The video games industry is going through enormous change, with the ability to play quality, feature-length games on devices like the new iPad, devlopers and hardware manufacturers alike must be agile enough to innovate.

Ian Livingstone - president and CEO of Tomb Raider developer Eidos and co-founder of Games Workshop - spoke to International Business Times UK about these changes on the red carpet of the British Academy Video Games Awards.

Ian Livingstone
The games industry is booming, it\'s just in a state of transition, according to Livingstone.(Credit:

"I think the games industry is growing. People talk about the games industry in demise, but it's worth $50bn (£31.5bn) a year in software sales alone and is expected to grow to $90bn by 2015. It's moving though, from the boxed product to a digital service. It's a product that's moving from premium pricing to 'freemium' pricing."

"With iPhones and Android devices we're all carrying gaming machines in our pockets, we're playing games on Facebook. There wasn't even a platform for that four years ago. The games industry is booming, it's just in a state of transition."

While Game Group - which sponsored the awards - struggles to find a rescue package to save the retailer from filing for administration, Livingstone believes that the gaming industry is still young and merely needs to innovate to stay on top.

"Technology drives innovation, and those who think the games industry is over, I disagree. I have to say that it's everything but that. It's just the beginning. If you look at it in terms of the film industry we're only in the 1920s, and yet today the games industry is the biggest entertainment industry in the world, because we come into this world learning through play."

"We're only just now coming round to admitting that we still enjoy gaming as adults. You're never too young to start playing games and you're never too old to stop."

We asked Livingstone, who is an author having written the Fighting Fantasy gaming books, if the industry is heading for a service-based future, where the game is initially free and revenue is made from buying further content.

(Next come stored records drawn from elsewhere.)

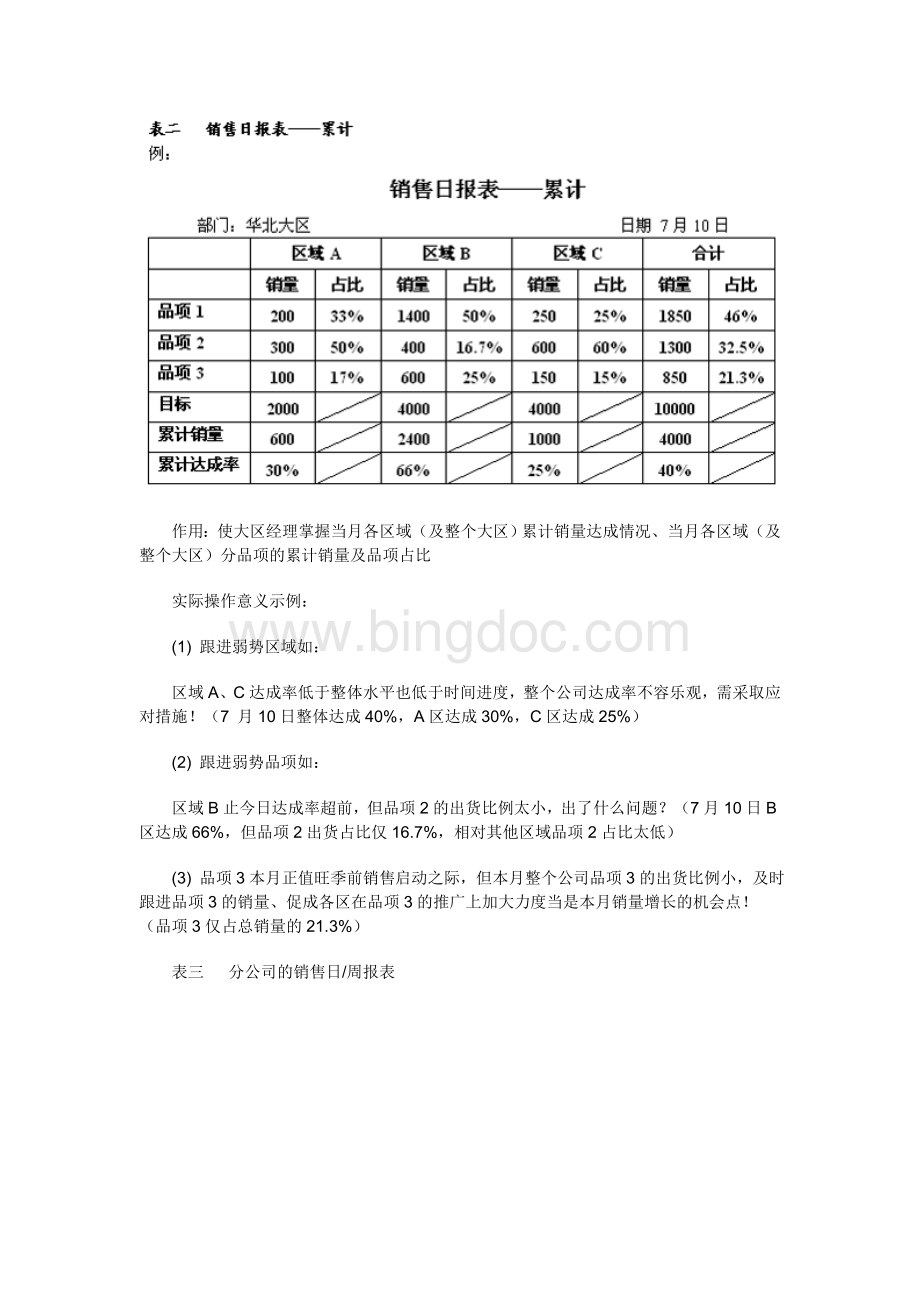 培训大区销售经理建立销售数据分析系统Word格式文档下载.doc_第3页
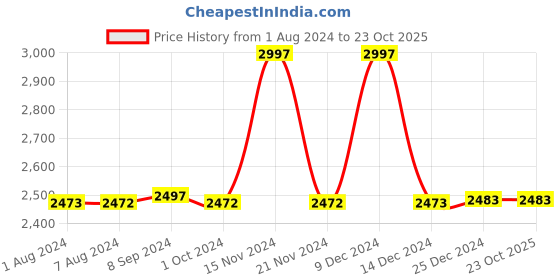 tatacliq.com BIBA Girls Sea Green Floral Print Blouse, Lehenga with Dupatta biba girls Price History Graph from 1 Aug 2024 to 22 Oct 2025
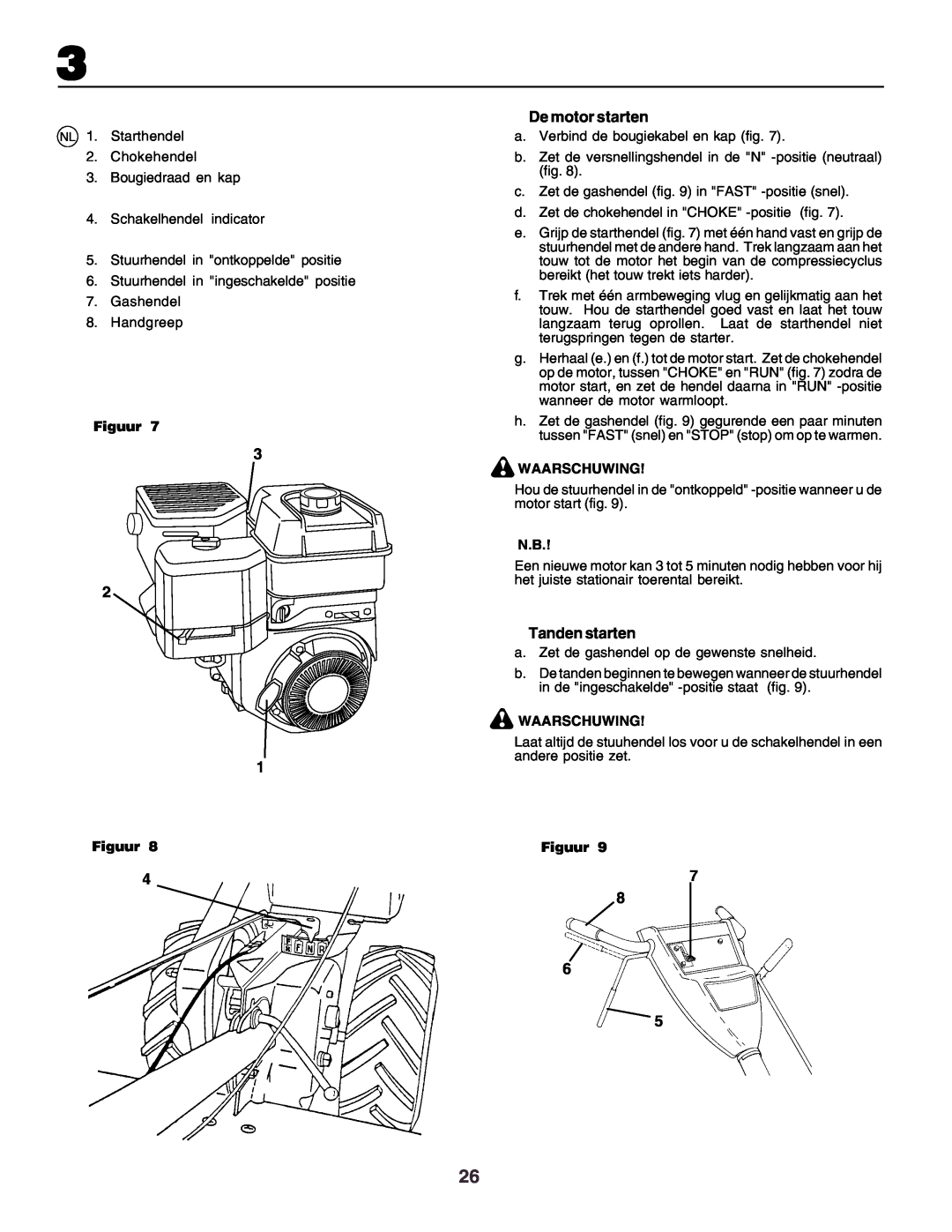 Husqvarna crt51 instruction manual Figuur, Waarschuwing 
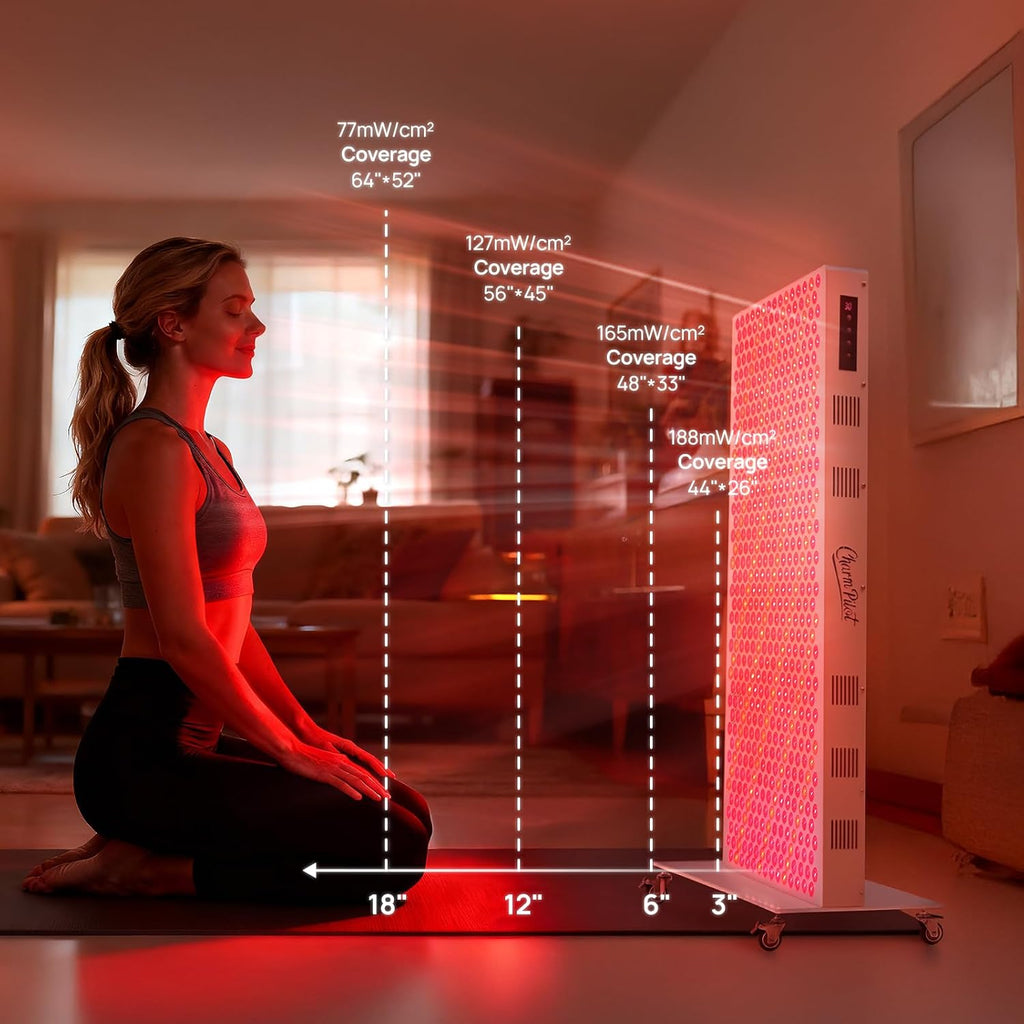 Red Light Therapy Panel for Body, 7 Wavelengths (630, 660, 780, 810, 850, 940, 1060 nm), 580LEDs, Near‑Infrared Light Wellness Device with Adjustable Intensity, Home Use
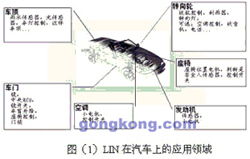 汽車網(wǎng)絡(luò)技術(shù) 驅(qū)動未來出行的核心技術(shù)研究與開發(fā)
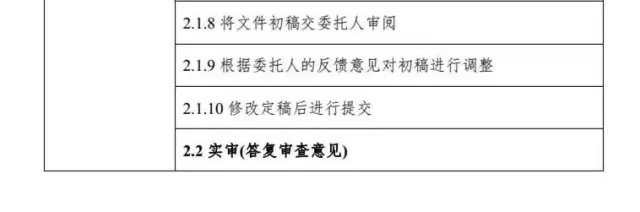 解密：專利代理行業定價成本核算方法（帶注解版）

"That seems to be the model that's working today because there's no barrier to anyone wanting to play. The challenge is discovery. So for every Angry Birds out there, there's lots of dead birds as well. The AppStore is actually the world's smallest shop window and so you have to do a lot of waving to be noticed."

"The best games will always win through, word of mouth is still powerful, as is using social media to promote games and traditional marketing and publishing. So that's where the possibility for expansion is. Games with huge, expensive, cinematic experiences will still drive the industry, so it's sort of a broad church of content now for hardcore gamers and casual gamers. There's something for everybody, which is great."

Finally, we asked Lingstone if he could see a path to recovery for the struggling Game Group, which is hoping to find investment or a buyer.

"I hope it doesn't go. Game has been in this industry for many, many years and acts as effectively as a billboard in many cities and does a good job of promoting the games industry. But Game perhaps hasn't moved with the times, it hasn't recognised the onslaught of digital. It's not just about e-commerce, it's about engaging with customers and delivering content and they haven't re-positioned as quick as they should have done."